The Spurs’ bubble adventure came to an anticlimactic end on Thursday. By the time they took the floor to face the Jazz in what would end up being a 118-112 loss, they already knew they had no chance to make it to the postseason.
It was clear from the start that the game didn’t matter, for either team. It was a mere formality, as the Spurs were already eliminated from playoff contention and the Jazz were locked into a matchup with the Nuggets in the first round before tip-off. Gregg Popovich decided to rest Derrick White, DeMar DeRozan, Rudy Gay and Patty Mills, which meant starting roles for Luka Samanic and Keldon Johnson. Quin Snyder, like he has all throughout the bubble, also gave some of his key players time off. The absences and the lack of urgency from either team made the proceedings have the distinct feel of preseason, which never dissipated.
The first few minutes at least had a semblance of normalcy, with both teams playing very little defense but at least running their offense. As the clock ticked away in the first quarter, however, order went out the window. Both teams were launching shots with little care and trotting out strange lineups, with San Antonio often having three big men on the floor once Quinndary Weatherspoon went down with a knee strain, leaving them short on guards. There were some good moments sprinkled in, but in general the first half was a mostly chaotic mess in which the Jazz easily carved out a big lead thanks to their superior talent and kept the Spurs at arm’s length.
Not much changed in the second half, despite Utah resting Donovan Mitchell and Joe Ingles. After the break both teams played a little more composed, but soon descended into unorganized offense and intermittent effort on defense. The Spurs made a few pushes, but the Jazz countered them. San Antonio had a chance to make it suspenseful late, after cutting the deficit to three with 4:29 to go in the fourth quarter, but a couple of misses and an untimely turnover destroyed their chances. Utah would go on to comfortably win a game that neither team seemed all that excited to play in the first place.
The night, just like the bubble, didn’t end the way the Silver and Black would have wanted it to, but it provided plenty of hope for the future. The young guys looked good even in defeat, which is all that matters.
Now begins the time for reflection for the front office and improvement for the core of the team.
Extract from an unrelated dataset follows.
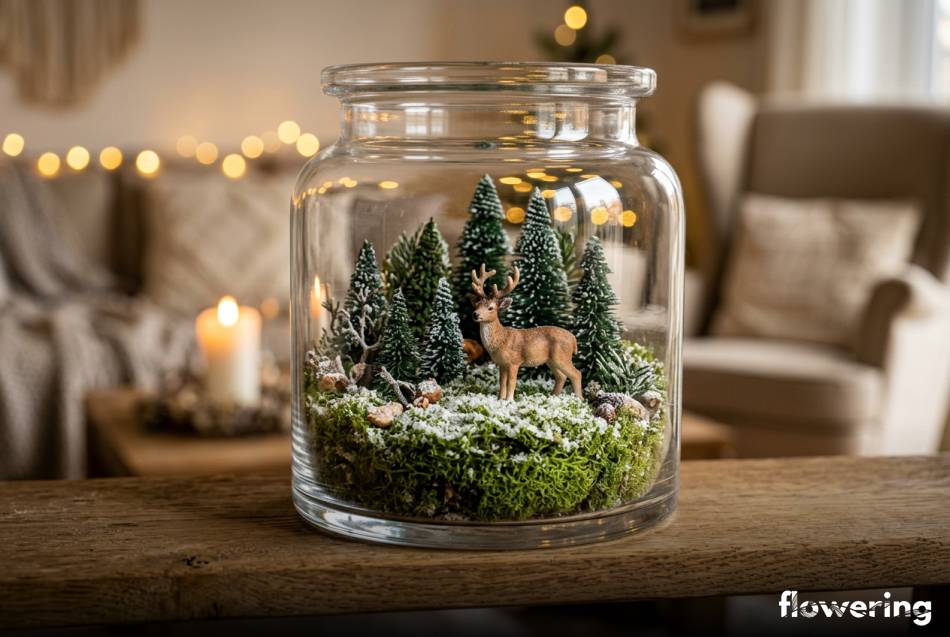 Zimowy las w słoiku z mchem i figurką jelenia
The playoff streak might be over, but the Spurs should be ready and eager to begin a new chapter after an encouraging end of the season.
- Keldon Johnson, the king of garbage time buckets, had another encouraging performance, even if we take away the eight points he got in the last two minutes of the game. Johnson is a bully when he drives to the rim, a skill other young players on the roster lack, and his shot continues to look good. It’s hard to assess how good he is defensively, because the entire team was bad in Orlando, but at the very least he’s physical. It’s insane that a few weeks ago it was debatable whether he would have a role right off the bat next season but now there’s a reasonable case to make for him as a starter.
- The other rookie didn’t look bad, either. Luka Samanic made the most of his opportunity to play big minutes, finishing with 16 points, six rebounds and three assists and showing off his quickness as a perimeter defender on switches and when he was slotted at small forward. His motor will remain a concern until he proves it shouldn’t be, but hopefully the fans who were on the fence on him as a legitimately exciting prospect caught of glimpse of the skills that could make him special.
- There’s no doubt Dejounte Murray, Lonnie Walker IV and Jakob Poeltl are rotation caliber players, but in this one they showed why they could be so much better with some small improvements. Murray had seven assists, showing off some nice playmaking at times, but also had six turnovers and missed his two three-point attempts, proving his offense still has a long way to go. Walker did a little bit of everything, but he disappeared at times and his decision-making remains a work in progress. Poeltl is a workhorse on both ends and deserves an extension, but his woes from the free throw line (0-for-5 against the Jazz) remain worrying. Hopefully all three work on their weaknesses and return as even more well-rounded contributors next season.
- In what will likely be his last game as a Spur, Marco Belinelli had an extremely Marco Belinelli game: 16 points but nothing else on the stat sheet except for a couple personal fouls. Bubble Marco was good as a shooter, but it’s hard to advocate for a new contract for him.
- Speaking of players who might not be back, Chimezie Metu was decent in 26 minutes of action. His four assists in particular are a hugely encouraging sign of progress, since he’s always been a bit of a black hole. Unfortunately for Metu, if it comes down to either him or Drew Eubanks, the latter has a significant advantage. Eubanks didn’t shoot well against the Jazz but he was physical inside on both ends, dished out some dimes of his own and generally showed a more advanced understanding of his role.
- I do hope Quinndary Weatherspoon is back on a two-way contract. Hopefully his knee sprain is not too severe and he continues to work on his game. He might be an NBA player.
That’s it for another Spurs season. Now it’s time to assess what happened and look at free agency and the draft. We’ll have plenty of content on those topics coming in the next few days, and we hope you stick around for it. Thank you so much for reading these recaps and Go Spurs Go!